Energy Dissipation Effects on the Adsorption Dynamics of N 2 on W(100)

Abstract

Adsorption dynamics of N 2 on the W(100) surface is studied by means of quasi-classical trajectories making use of a six-dimensional potential energy surface obtained from density functional theory calculations. In our simulations, van der Waals (vdW) interactions are accounted for by using the vdW-DF2 functional. In view of the comparison with experiments, we show that this leads to a good description of the adsorption dynamics, providing a significant improvement with respect to semi-local exchange-correlation functionals used in the past.

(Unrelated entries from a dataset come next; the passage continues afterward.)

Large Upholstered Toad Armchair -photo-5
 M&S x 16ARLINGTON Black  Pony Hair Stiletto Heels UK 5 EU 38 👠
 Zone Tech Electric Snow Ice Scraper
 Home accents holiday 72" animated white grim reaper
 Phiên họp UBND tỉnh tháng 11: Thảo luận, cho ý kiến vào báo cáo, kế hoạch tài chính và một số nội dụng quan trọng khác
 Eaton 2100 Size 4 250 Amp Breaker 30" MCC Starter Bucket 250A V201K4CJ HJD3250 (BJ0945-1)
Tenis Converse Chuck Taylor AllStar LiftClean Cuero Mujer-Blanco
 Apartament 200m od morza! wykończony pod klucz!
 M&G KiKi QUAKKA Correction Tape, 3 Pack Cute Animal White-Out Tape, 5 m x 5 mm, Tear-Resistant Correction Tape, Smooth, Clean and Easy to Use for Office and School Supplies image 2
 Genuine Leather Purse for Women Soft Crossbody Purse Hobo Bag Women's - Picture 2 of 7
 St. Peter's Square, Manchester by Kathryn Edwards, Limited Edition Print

Particular emphasis is placed on the description of nonactivated pathways, leading to either dissociation or molecular adsorption. Dynamics calculations are performed within the generalized Langevin oscillator (GLO) model in order to simulate the energy exchange between molecule and surface atoms. Electron-hole (e-h) pair excitations are also implemented in the dynamics via the local density friction approximation (LDFA). Overall adsorption probability, including dissociative and nondissociative mechanisms, is enhanced when molecules can lose energy through surface phonons and electronic excitations. However, the energy exchange with phonons has a larger influence in the adsorption probability than e-h pair excitations. Nondissociative molecular adsorption only takes place when such energy dissipation channels are included in the simulations, underlying the importance of GLO and LDFA models in such theoretical studies.